→ **Extracted records**

_____

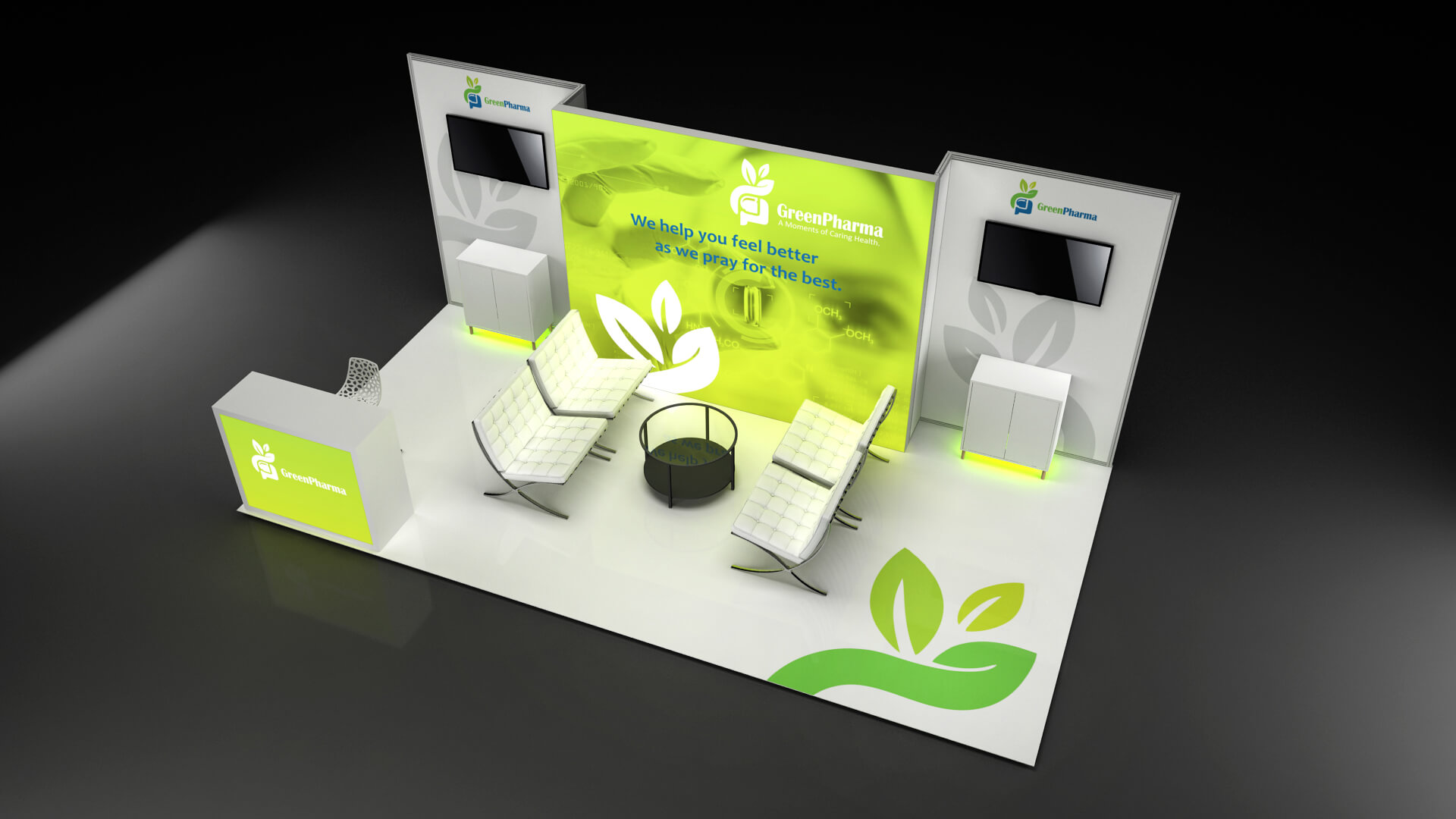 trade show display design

_____

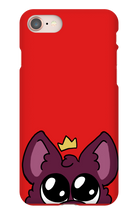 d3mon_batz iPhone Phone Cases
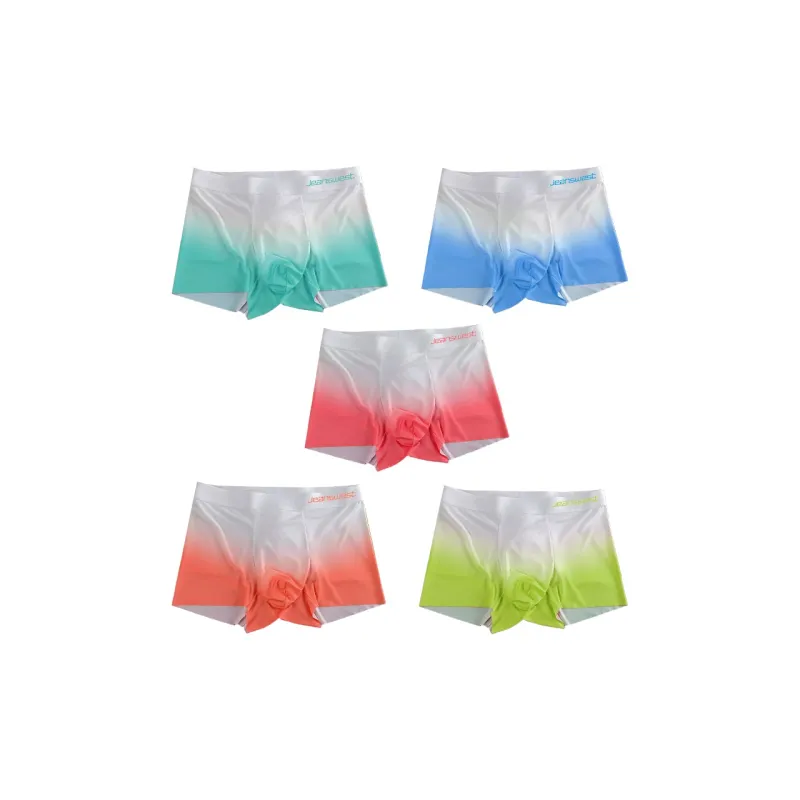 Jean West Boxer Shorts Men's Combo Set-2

_____

→ **What you are asked to do**
"d3mon_batz iPhone Phone Cases" marks the first line to copy, and "Jean West Boxer Shorts Men's Combo Set-2" marks the last. Repeat that stretch above exactly, with no pictures.

→ **Your response**
 d3mon_batz iPhone Phone Cases
 Jean West Boxer Shorts Men's Combo Set-2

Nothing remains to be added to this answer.